NHS England has said it is ‘too early to say’ if it would follow NHS Employers in proposing a pay freeze for GPs this year.

NHS Employers said this week that it will be giving evidence on the pay of NHS staff, including managers, nurses and hospital consultants this Friday. They said they will argue that a pay increase of 1% is ‘unaffordable and unnecessary for the NHS’ as it will add £500 million to the healthcare bill.

But – contrary to previous years – NHS Employers will not be giving evidence on GP pay to the independent renumeration review body in 2013.

Instead, the evidence will be provided by NHS England for the first time to the Review Body on Doctors’ and Dentists’ Remuneration (DDRB).

Official figures released today show that GPs’ income dropped yet again in 2011/12, with GMS GPs seeing an average 0.7% decrease and PMS GPs a 1.6% fall.

An NHS Employers spokesperson said: ‘Our evidence relates to doctors and dentists employed in the NHS in England. NHS England will be providing evidence in relation to contractor GPs.’

An NHS England spokesperson said they would be making a submission to the DDRB on Friday this week, but said it was too early to say what they will be recommending on GP pay.

They said: ‘We will be submitting our initial evidence to DDRB by the deadline (Friday 27 Sept). However, it is too early to say what we will be recommending on GP pay as GP contract negotiations are on-going.’

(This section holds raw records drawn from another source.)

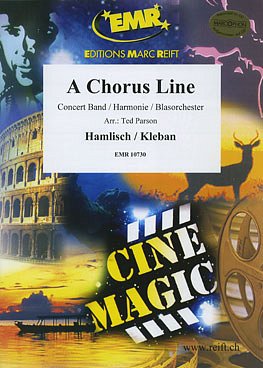 M. Hamlisch: A Chorus Line, Blaso
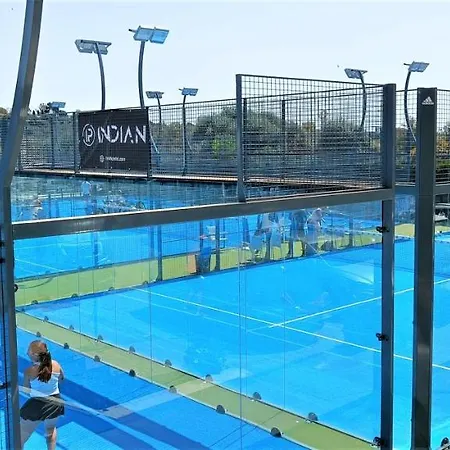 Ample Luxury Fancy Golf & Padel Appartamento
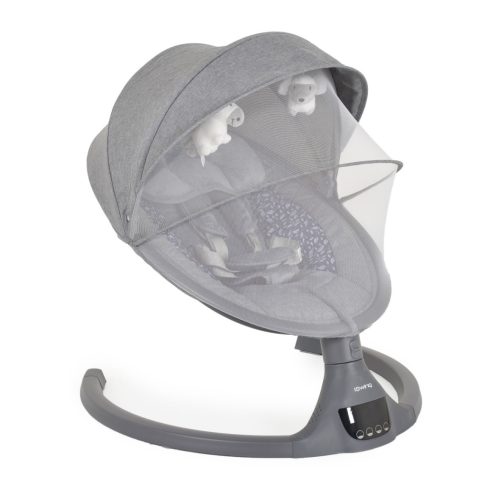 Cangaroo iSwing elektromos hinta és pihenőszék - grafit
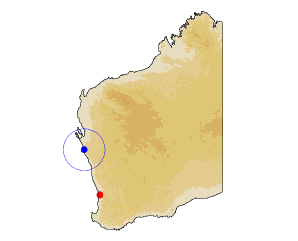 Geographic location of site
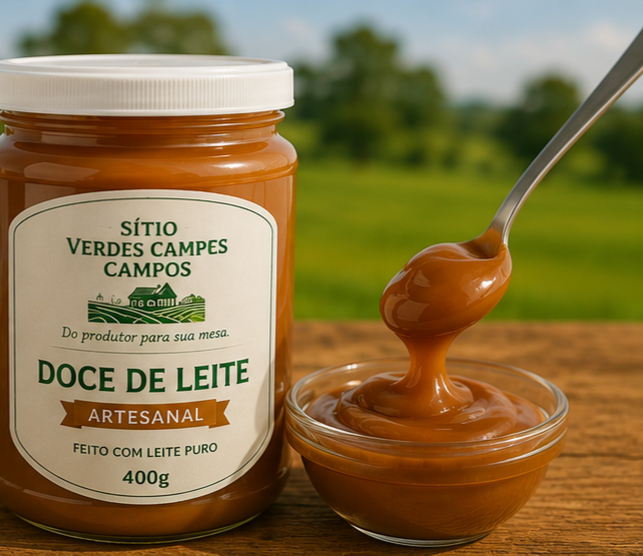 Doce de leite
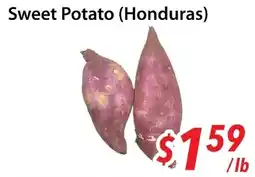 Bestco Food Mart Sweet Potato Honduras offer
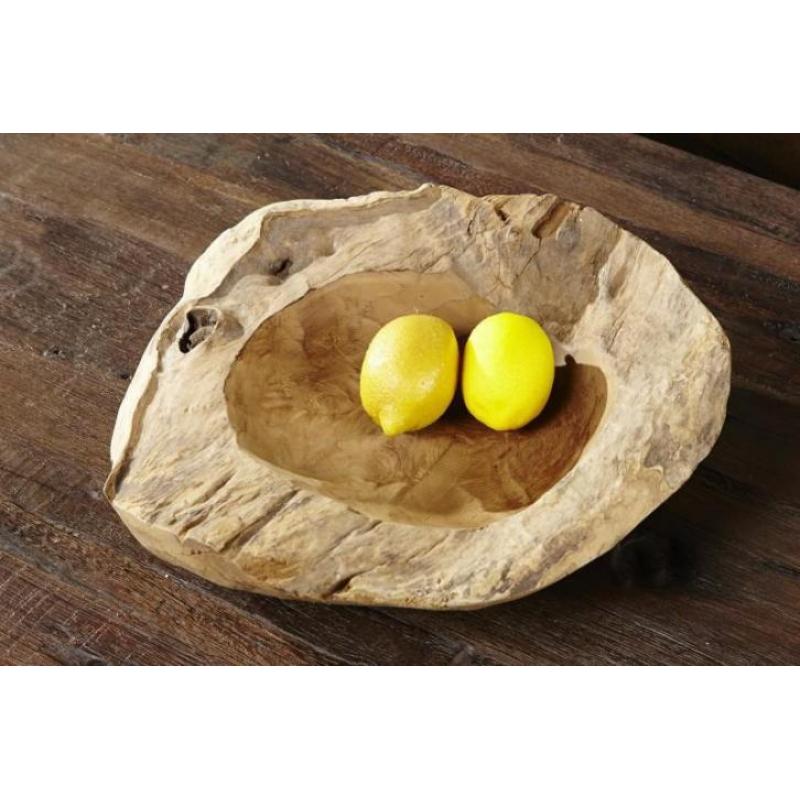 Schaal Natuur 30cm - 18117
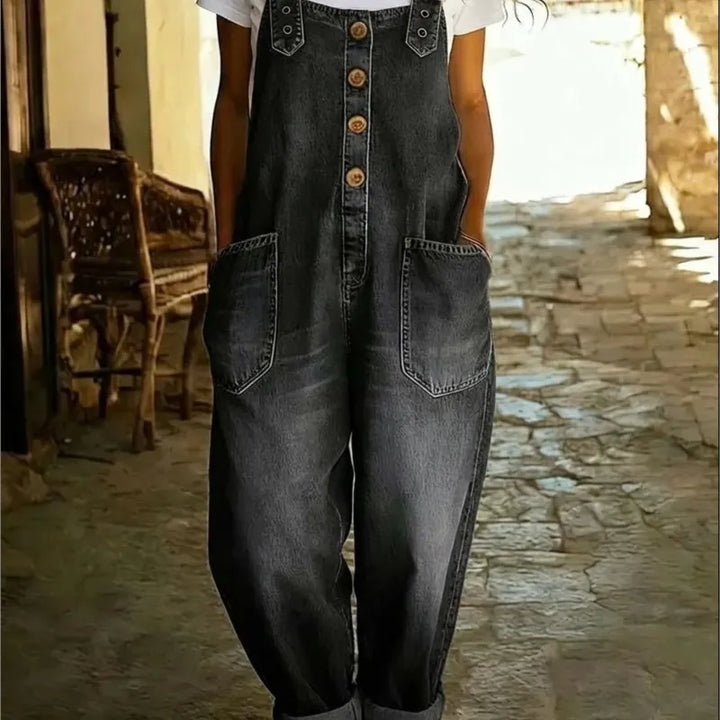 Zuzanna Wide Leg Jumpsuit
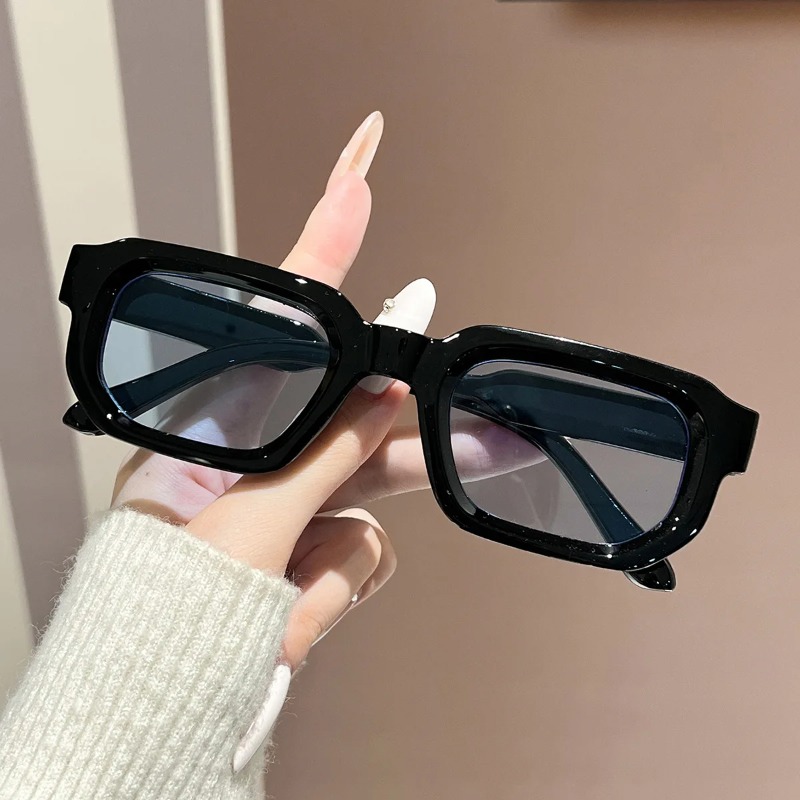 Neue, heiß begehrte, quadratis – Women'S Fashion Eyeglasses Bewertung und Preis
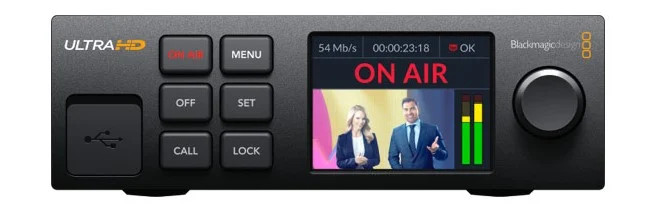 Blackmagic Design BDLKWEBPTR4K Web Presenter 4K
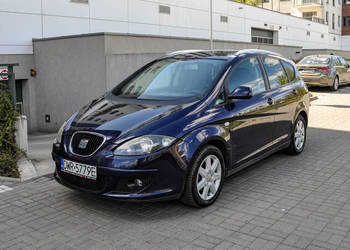 Seat Altea XL 1,4TSI LPG Bezwypadkowy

NHS Employers added that they have been involved in ongoing negotiations over changes to the GMS contract, negotiating on behalf of NHS England. They have also been mandated by the Welsh Government to discuss some elements relating to the QOF on their behalf, but are not negotiating for Scotland and Northern Ireland.

The news comes after health secretary Jeremy Hunt rejected a recommendation made by the doctors’ pay review body last March, for a 2.29% pay rise to cover expenses. He announced practices would only receive a 1.32% uplift in funding from April 2013, which equated to a cut in pay in real terms.